Hakim Konstitusi Enny Nurbaningsih Mengaku Malu kepada Majelis Kehormatan MK
Terbaru

Hakim Konstitusi Enny Nurbaningsih Mengaku Malu kepada Majelis Kehormatan MK

Karena mendapat kiriman berupa berita, foto, dan meme yang merendahkan MK. Ditambah eksaminasi publik di FH UGM yang mengkritik putusan MK.

Ady Thea DA
Bacaan 3 Menit
Hakim konstitusi, Prof Enny Nurbaningsih. Foto: RES
Hakim konstitusi, Prof Enny Nurbaningsih. Foto: RES

Putusan MK No.90/PUU-XXI/2023 tak sekedar menimbulkan polemik di tengah publik, tapi berdampak terhadap hakim konstitusi yang memutus perkara. Akibat Putusan 90/PUU-XXI/2023 menyebabkan 9 hakim konstitusi mesti berurusan dengan Majelis Kehormatan Mahkamah Konstitusi (MKMK) akibat banyaknya laporan masyarakat terkait dugaan pelanggaran etik dan perilaku hakim.

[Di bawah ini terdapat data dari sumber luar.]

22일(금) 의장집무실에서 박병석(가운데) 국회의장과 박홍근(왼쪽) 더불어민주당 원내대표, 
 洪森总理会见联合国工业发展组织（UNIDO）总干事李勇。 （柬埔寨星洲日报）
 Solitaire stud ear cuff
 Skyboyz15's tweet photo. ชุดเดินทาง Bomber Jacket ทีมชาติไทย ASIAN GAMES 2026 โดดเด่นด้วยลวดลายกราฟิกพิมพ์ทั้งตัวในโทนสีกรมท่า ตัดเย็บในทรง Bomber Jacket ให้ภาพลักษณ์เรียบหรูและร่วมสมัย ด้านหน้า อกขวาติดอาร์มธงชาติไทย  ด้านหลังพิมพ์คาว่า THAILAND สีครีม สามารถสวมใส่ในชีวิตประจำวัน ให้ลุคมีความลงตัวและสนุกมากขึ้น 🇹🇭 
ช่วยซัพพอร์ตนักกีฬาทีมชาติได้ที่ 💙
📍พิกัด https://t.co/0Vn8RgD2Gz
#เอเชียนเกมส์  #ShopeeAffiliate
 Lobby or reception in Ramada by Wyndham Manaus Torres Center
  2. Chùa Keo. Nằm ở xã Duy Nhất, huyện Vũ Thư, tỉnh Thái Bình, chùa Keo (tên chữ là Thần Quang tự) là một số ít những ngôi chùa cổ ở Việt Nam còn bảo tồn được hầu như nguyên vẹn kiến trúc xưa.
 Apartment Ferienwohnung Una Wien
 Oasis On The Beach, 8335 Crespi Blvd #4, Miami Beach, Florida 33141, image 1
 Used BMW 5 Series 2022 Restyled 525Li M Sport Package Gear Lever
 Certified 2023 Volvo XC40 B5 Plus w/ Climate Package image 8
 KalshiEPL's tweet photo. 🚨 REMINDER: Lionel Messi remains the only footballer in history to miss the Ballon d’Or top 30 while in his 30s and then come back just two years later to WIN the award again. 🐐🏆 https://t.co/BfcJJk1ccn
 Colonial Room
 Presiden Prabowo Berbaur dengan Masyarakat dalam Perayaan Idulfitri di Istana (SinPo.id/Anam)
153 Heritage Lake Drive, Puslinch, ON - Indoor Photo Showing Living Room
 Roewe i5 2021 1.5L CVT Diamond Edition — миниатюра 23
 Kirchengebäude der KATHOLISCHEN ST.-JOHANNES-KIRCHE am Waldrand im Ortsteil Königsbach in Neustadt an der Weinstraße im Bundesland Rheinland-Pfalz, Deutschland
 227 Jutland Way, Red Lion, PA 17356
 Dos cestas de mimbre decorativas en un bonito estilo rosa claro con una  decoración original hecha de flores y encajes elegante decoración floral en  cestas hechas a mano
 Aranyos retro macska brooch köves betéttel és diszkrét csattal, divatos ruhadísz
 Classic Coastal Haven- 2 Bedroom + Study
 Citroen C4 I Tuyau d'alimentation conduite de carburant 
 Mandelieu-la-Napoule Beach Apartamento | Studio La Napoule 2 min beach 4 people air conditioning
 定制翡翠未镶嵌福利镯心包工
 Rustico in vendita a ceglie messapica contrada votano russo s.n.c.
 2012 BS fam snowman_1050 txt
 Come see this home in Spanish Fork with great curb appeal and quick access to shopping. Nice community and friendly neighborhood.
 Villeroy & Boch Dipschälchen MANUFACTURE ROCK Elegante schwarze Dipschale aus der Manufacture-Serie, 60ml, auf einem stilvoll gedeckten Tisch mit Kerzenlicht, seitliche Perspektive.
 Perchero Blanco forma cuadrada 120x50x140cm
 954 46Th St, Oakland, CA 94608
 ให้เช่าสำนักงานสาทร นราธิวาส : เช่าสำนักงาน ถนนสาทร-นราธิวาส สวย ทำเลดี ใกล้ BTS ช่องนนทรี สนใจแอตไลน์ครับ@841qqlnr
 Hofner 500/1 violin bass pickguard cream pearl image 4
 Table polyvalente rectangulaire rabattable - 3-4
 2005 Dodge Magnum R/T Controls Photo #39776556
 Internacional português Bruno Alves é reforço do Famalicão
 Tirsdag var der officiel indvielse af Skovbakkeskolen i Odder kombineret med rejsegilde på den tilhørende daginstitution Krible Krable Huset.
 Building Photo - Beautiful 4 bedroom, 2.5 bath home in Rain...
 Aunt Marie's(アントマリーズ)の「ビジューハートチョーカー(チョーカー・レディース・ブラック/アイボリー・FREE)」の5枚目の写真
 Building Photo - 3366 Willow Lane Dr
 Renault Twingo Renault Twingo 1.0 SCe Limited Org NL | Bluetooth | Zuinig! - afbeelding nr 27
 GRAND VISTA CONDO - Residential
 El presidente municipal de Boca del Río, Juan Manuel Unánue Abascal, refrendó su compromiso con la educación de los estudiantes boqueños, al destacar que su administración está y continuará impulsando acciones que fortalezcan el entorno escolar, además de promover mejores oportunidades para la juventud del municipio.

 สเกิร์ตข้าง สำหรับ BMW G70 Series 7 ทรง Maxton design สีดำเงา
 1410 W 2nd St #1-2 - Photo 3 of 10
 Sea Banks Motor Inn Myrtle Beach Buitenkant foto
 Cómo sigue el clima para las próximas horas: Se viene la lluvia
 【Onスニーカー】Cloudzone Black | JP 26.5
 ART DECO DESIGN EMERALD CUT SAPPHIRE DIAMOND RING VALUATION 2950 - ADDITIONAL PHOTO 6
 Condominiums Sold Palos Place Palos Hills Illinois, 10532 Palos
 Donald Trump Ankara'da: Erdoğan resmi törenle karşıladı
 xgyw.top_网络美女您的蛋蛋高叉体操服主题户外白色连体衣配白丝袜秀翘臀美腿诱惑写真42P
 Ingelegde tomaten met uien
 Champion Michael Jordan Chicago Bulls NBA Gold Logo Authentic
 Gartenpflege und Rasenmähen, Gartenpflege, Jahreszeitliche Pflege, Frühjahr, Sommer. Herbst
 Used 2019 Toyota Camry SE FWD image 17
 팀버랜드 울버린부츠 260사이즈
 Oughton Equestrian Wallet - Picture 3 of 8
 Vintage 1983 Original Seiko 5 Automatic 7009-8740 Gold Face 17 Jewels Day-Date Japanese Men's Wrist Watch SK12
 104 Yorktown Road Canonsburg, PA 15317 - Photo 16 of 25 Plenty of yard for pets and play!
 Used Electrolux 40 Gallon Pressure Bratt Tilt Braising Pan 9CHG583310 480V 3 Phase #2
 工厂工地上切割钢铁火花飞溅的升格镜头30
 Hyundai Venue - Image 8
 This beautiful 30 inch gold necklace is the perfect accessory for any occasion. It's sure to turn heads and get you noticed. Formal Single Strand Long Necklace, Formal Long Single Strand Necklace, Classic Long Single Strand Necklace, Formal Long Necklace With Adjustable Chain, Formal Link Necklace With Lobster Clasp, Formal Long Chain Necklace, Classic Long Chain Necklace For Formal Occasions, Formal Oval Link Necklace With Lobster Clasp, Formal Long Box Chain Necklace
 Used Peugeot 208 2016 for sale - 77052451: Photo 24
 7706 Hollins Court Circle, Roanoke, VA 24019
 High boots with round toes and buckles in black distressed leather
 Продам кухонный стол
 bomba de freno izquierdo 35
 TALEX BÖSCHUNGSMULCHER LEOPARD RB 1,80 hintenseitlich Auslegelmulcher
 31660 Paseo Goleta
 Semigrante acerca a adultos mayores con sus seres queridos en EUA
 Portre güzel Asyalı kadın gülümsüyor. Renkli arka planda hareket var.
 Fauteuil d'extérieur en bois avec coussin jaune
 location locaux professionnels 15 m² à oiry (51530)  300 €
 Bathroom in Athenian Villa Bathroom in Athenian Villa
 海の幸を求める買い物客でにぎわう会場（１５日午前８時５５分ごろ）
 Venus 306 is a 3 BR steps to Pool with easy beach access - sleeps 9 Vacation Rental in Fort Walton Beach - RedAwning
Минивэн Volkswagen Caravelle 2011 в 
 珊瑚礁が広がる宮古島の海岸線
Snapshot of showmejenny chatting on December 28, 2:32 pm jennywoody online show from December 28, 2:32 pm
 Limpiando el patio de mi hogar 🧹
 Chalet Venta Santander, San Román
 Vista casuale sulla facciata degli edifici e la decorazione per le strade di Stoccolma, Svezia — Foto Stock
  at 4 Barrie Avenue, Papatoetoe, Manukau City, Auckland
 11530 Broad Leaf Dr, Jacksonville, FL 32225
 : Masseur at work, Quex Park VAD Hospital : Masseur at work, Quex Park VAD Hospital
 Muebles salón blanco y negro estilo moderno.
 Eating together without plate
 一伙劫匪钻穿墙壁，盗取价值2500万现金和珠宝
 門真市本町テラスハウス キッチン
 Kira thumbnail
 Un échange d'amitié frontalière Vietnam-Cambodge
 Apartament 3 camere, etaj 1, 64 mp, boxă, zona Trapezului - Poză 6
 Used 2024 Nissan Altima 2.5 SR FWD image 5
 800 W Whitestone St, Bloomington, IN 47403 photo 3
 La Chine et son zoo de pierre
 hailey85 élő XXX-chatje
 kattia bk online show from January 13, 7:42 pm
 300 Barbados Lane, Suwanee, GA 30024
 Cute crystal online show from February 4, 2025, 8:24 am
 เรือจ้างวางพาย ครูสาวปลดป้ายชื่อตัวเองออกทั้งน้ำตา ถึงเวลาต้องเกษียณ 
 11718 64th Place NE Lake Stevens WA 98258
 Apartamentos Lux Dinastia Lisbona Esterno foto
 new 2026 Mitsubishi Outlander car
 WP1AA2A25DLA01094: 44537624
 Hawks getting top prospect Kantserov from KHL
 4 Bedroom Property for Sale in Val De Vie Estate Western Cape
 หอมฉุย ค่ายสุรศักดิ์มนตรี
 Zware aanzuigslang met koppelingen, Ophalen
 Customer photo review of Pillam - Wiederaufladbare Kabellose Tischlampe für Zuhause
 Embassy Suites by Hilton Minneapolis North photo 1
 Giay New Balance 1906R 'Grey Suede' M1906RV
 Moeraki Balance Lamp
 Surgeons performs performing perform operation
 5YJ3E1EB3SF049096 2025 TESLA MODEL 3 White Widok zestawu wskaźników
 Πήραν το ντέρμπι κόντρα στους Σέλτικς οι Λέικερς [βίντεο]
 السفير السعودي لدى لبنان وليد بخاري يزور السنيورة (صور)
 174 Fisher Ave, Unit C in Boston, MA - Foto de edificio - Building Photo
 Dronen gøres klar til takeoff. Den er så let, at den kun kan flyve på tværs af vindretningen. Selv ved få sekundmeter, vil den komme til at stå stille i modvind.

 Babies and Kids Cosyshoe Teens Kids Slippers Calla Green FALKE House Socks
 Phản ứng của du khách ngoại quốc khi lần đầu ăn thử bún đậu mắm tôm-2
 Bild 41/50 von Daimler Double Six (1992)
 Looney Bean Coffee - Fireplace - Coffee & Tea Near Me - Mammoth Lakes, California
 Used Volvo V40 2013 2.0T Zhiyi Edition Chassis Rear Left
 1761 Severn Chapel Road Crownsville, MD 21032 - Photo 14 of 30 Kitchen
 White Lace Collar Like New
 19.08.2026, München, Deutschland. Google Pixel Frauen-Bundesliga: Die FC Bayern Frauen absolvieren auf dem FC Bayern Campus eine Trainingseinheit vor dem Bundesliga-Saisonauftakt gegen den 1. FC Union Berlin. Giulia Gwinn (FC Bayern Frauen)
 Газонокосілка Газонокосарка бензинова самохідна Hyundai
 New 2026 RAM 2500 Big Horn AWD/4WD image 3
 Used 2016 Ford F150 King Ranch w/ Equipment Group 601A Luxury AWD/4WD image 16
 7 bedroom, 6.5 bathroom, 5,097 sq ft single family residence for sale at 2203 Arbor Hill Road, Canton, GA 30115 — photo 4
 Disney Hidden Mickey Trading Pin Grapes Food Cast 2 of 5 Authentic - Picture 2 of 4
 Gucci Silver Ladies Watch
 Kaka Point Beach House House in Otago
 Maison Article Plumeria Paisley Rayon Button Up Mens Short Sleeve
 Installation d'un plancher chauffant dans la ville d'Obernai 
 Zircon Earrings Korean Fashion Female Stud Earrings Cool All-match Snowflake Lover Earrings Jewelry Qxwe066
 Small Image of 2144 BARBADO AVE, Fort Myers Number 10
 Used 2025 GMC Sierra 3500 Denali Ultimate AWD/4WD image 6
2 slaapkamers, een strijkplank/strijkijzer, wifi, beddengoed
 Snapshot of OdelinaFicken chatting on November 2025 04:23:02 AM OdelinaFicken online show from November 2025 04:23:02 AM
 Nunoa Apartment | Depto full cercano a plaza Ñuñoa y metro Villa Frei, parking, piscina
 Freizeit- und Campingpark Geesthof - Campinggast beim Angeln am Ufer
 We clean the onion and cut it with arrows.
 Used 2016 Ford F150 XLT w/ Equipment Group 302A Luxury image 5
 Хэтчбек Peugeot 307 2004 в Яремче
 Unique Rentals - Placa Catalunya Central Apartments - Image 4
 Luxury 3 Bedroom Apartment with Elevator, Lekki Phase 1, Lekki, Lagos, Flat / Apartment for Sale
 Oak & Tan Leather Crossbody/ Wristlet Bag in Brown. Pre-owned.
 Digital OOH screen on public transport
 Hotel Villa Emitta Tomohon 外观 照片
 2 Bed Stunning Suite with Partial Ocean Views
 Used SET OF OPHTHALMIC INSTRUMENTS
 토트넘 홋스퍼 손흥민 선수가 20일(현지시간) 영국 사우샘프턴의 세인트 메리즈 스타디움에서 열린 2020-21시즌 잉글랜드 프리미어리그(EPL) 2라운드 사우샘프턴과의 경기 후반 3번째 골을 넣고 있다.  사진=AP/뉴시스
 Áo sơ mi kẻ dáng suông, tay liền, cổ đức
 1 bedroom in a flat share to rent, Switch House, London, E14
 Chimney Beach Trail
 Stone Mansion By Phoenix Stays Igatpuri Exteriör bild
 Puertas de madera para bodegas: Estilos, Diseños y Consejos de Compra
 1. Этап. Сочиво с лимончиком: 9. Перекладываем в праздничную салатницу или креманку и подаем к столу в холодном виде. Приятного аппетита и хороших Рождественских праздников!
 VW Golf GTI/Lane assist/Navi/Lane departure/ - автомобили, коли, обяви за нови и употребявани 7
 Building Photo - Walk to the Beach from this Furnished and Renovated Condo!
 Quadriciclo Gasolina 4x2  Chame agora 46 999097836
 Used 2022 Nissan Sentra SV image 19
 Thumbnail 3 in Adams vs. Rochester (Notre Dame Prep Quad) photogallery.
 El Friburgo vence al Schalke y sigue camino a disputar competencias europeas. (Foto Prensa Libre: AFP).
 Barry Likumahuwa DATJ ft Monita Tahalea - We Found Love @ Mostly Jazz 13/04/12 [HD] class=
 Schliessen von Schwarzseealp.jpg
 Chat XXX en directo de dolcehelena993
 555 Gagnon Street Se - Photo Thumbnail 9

Alhasil, Majelis Kehormatan MK melalui 4 putusan yang dibacakan Selasa (07/11/2023 memberikan sanksi teguran lisan kepada 9 hakim konstitusi secara kolektif buntut bocornya informasi rapat permusyawaratan hakim (RPH) dalam putusan perkara No.90/PUU-XXI/2023.

Antara lain Putusan No.5/MKMK/L/11/2023 dengan hakim terlapor Manahan MP Sitompul, Prof Enny Nurbaningsih, Suhartoyo, Wahiduddin Adams, Daniel Yusmic Pancastaki Foekh, dan M Guntur Hamzah. Dalam keterangan yang disampaikan hakim terlapor Enny Nurbaningsih kepada MKMK dalam rapat Majelis Kehormatan Senin (30/10/2023) dan sidang pendahuluan Selasa (31/10/2023) menyebut dirinya malu karena mendapat kiriman berupa berita, foto, dan meme yang merendahkan MK.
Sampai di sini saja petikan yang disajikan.